At 4 years old and starting to apply in April, the best British school at the moment would be the one that accepts your son. School places are somewhat competitive at 4 years old/FS1 or FS2 stage. At the moment it is a bit late to apply for the top schools, but a few schools (good ones) may still have open places. Having a British passport helps in some schools.

Go through the ADEC list posted above, and go to all the school websites one by one and contact them/ apply to them. A number of schools conduct assessments as well, but not sure how it is handled when you apply from outside the country.

All the best!


----------



## yummytwinmummy

You will probably need to apply to all the schools as your son is the age where it is one of the most difficult to get into.


----------



## rednelly84

I can tell you all the Aldar schools are full for FS2 for August/September and are currently over subscribed for this current FS1 year group. 

I would apply to any school to get an assessment/on the waiting list so you have a place somewhere. Not ideal but the reality for a lot of families moving here at this time of year. You may be very fortunate to land a place as families may move over the summer but bear in mind the waiting lists will already be fairly long and as already stated, Aldar have a priority list.

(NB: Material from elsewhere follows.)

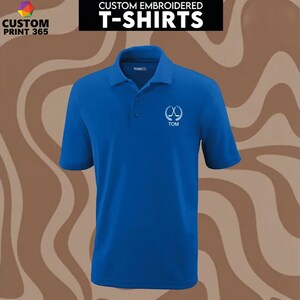 Business Casual Polo Shirtpersonalised Golf Polo Shirtcustom Embroidery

Staff kids are second on that list, FYI. If you are an employee of Mubadala for example, you have top priority. 

From August onwards, I would apply to the schools you wish your child to be at and hope places become available for January or April.

Good luck.


----------



## itsmejake

Best British school is Abu Dhabi is British School Al Khubairat. After that you can check out the Al Dar Schools, BISAD, Brighton College, Repton.


----------



## me..me..me

I'm in the same boat. Really struggling to find a place for my two kids yr2 and yr3 starting Jan. Gems Cambridge is full yr2 + 3 but may have space for your 4yr old. Al Kubairat has 7 on the wait list for yr2! all with siblings!! and priority. I've applied to Aldar Al Yas Pearl but is full as well.
What sort of churn is there in peoples experience at the start of Term 2 Jan? I'm awaiting an assessment for Brighton. Looks like its not quite the dream job I thought! I may be here by myself until Sep 16. :-(


----------



## Stevesolar

me..me..me said:


> I'm in the same boat. Really struggling to find a place for my two kids yr2 and yr3 starting Jan. Gems Cambridge is full yr2 + 3 but may have space for your 4yr old. Al Kubairat has 7 on the wait list for yr2! all with siblings!! and priority. I've applied to Aldar Al Yas Pearl but is full as well.
> What sort of churn is there in peoples experience at the start of Term 2 Jan? I'm awaiting an assessment for Brighton. Looks like its not quite the dream job I thought! I may be here by myself until Sep 16. :-(


Hi,
Have you tried Cranleigh or Repton?
Cheers
Steve


----------



## me..me..me

Thanks for the info. I haven't yet as the fees are rather high....... not out of the question but high. Repton's report isn't great - particularly with ICT but when you read into it and between the lines there is a lot of really good points in there. I'm sure its improved as well as it is a newish school establishing itself. I'll speak to them both tomorrow.
I've found speaking to admissions is much better than emailing. You get a much better feel and each call gleens something else useful. 
What is your experience of getting places mid academic year? 
I'm really not sure I want to disturb the kids UK education if a good opportunity isn't forthcoming in Abu Dhabi.
The other thing being its all so last minute with admissions...... by the time they review entry.
The long and short of it is they need more spaces. More schools being built tho


----------



## Stevesolar

me..me..me said:


> Thanks for the info. I haven't yet as the fees are rather high....... not out of the question but high. Repton's report isn't great - particularly with ICT but when you read into it and between the lines there is a lot of really good points in there. I'm sure its improved as well as it is a newish school establishing itself. I'll speak to them both tomorrow.
> I've found speaking to admissions is much better than emailing. You get a much better feel and each call gleens something else useful.
> What is your experience of getting places mid academic year?
> I'm really not sure I want to disturb the kids UK education if a good opportunity isn't forthcoming in Abu Dhabi.
> The other thing being its all so last minute with admissions...... by the time they review entry.
> The long and short of it is they need more spaces. More schools being built tho


Hi,
The Cranleigh campus and facilities are breathtaking - (along with the fees!!).
Cheers
Steve


----------



## me..me..me

Saadiyat is very nice as well. Will try tomorrow and see if they can squeeze them in for January. Then head to ADCB! Then may be try for a remortgage in the UK! :fingerscrossed:
Do you have children there? The report is excellent plus it has a nice mix of nationalities for a first overseas school for my two. 
Maybe push the boat out and see how it goes........ 
Gets everyone here in the meantime and that has to be a bonus worth paying 'Premium Category' fees for! Preparing eyes to water....... grrrrr!
If you anything specific that may help please PM me.
Thanks again.


----------



## Adlia2015

We are in the same boat.
We are moving fr Aussie which gives us more headache due to different school period.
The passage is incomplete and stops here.